Highlights of Recent Research on Atmospheric
USGCRP-sponsored research continues to advance understanding of
the causes, magnitude, and consequences of changes in stratospheric
ozone, UV radiation, and atmospheric chemistry. The FY96 edition of
Our Changing Planet included a summary of recent key findings.
Highlights of more recent findings follow:
- Atmospheric concentrations of ozone-depleting chemicals are starting
to decrease. Over the past few decades, global atmospheric
monitoring stations had reported the steady growth in the
concentrations of CFCs and other ozone-depleting chemicals. Recent
observations have not only shown a slowdown in growth, but also
are revealing, for the first time, decreasing concentrations. These
downward trends are the first observed atmospheric response to the
international agreements to halt production of these ozone-depleting
- Year-to-year changes in the stratospheric ozone layer have been
explained. Superimposed on the observed overall downward decadal
trends in the ozone layer are variations over periods of a few years.

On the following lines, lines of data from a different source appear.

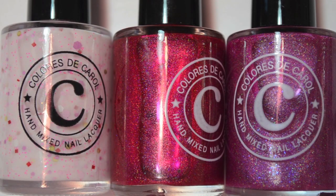Hey guys, so today I have swatches of the Colors to Carol Valentine's Day Trio. There are three polishes — two holos and a crelly. These are really, really fun and I'm really excited about these because they're beautiful.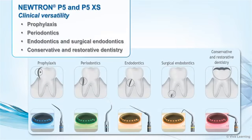With more than 70 different tips, the P5 and P5XS deliver amazing clinical versatility for a wide variety of accurate and non-invasive treatments, including prophylaxis, periodontics, endodontics, and surgical endodontics, as well as conservative and restorative dentistry.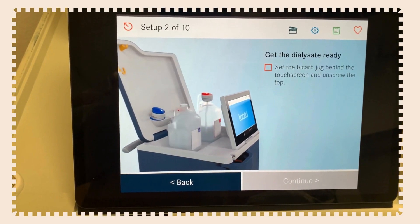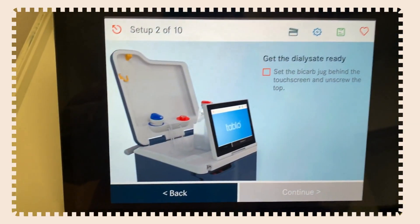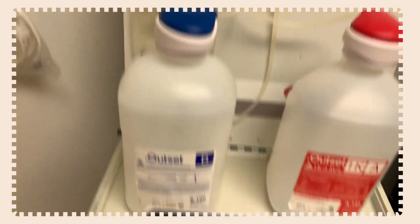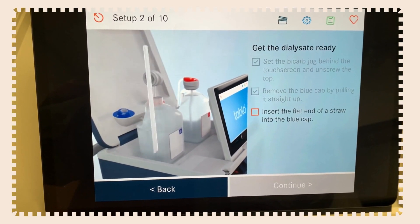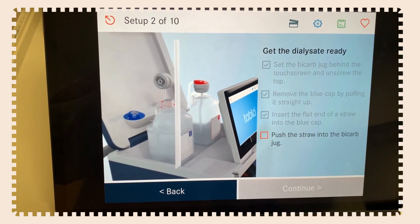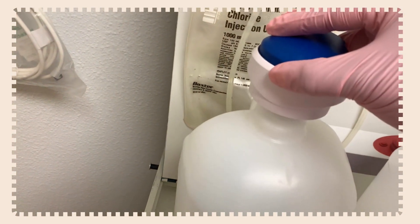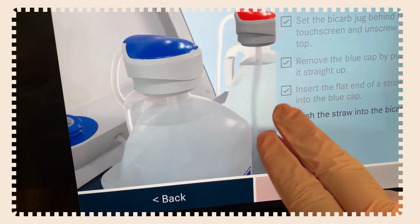Now get the bicarb dialysate ready. Set the bicarb jug behind and unscrew the cap. Remove the blue cap by pulling it straight up — same routine as the first jug. Insert the flat end of a straw into the blue cap and push the straw into the bicarb jug. Once that's done, confirm completion and hit continue.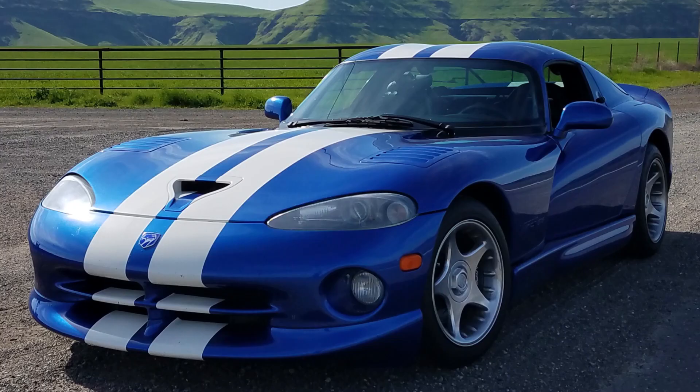Welcome to today's Tech Talk Tuesday. For today's topic, we're going to talk about the cooling system on the Dodge Viper, specifically the Gen 2 Vipers, which cover from 1996 to 2002. A lot of these upgrades I'm going to discuss are applicable to the earlier Gen 1 cars, the 92 to 95 cars, as well as the newer cars from 2003 to present.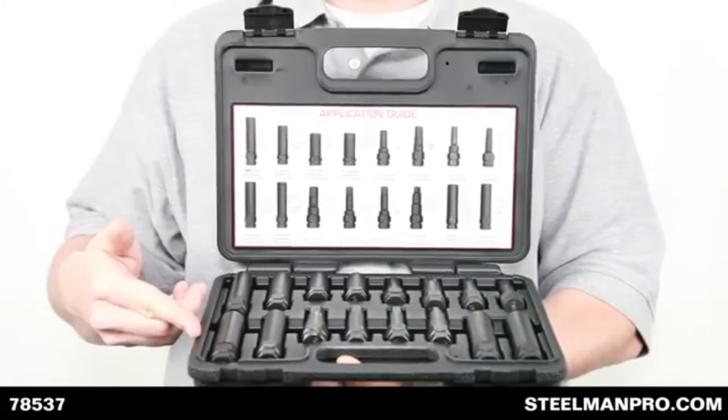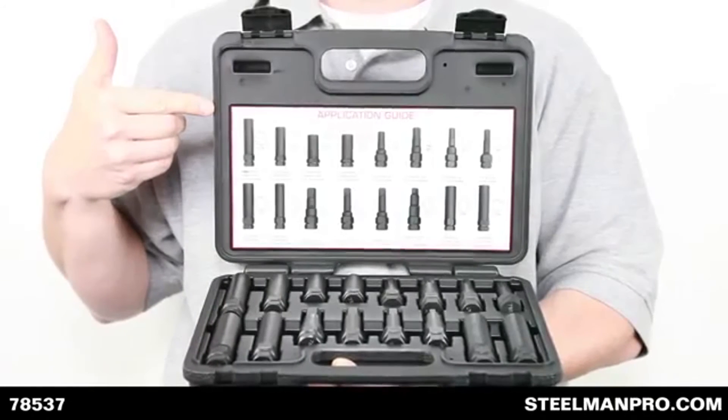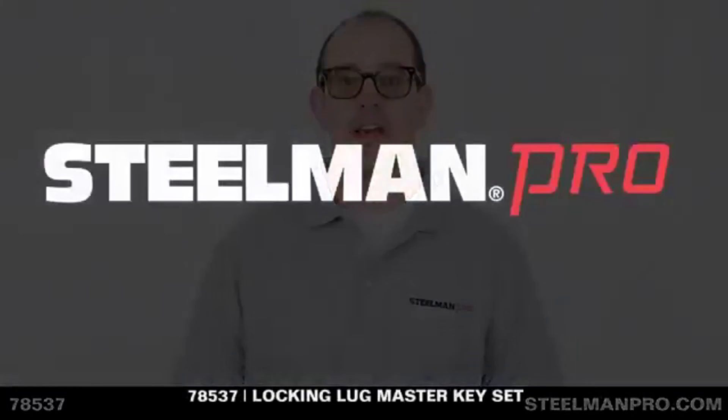The keys are made of chrome vanadium steel and each set comes with a handy blow mold case for ease of mobility. The Steelman Pro 16-piece Locking Lug Master Key Set.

The long-term declines have been associated with the growth in the
use of ozone-depleting chemicals, such as CFCs, but the shorter term
changes have been unexplained. Recent theoretical modeling studies
have shown that these shorter term variations can be explained by
the augmented ozone depletion caused from the chemistry on
surfaces of particles resulting from episodic volcanic eruptions,
thereby providing a more complete picture of ozone layer changes.
- Soils may be a larger methyl bromide sink than previously thought.
Because methyl bromide is involved in the destruction of ozone in
the stratosphere, this finding suggests that management of soils may
have implications for the stratospheric ozone budget and the amount
of UV radiation that reaches the Earth's surface.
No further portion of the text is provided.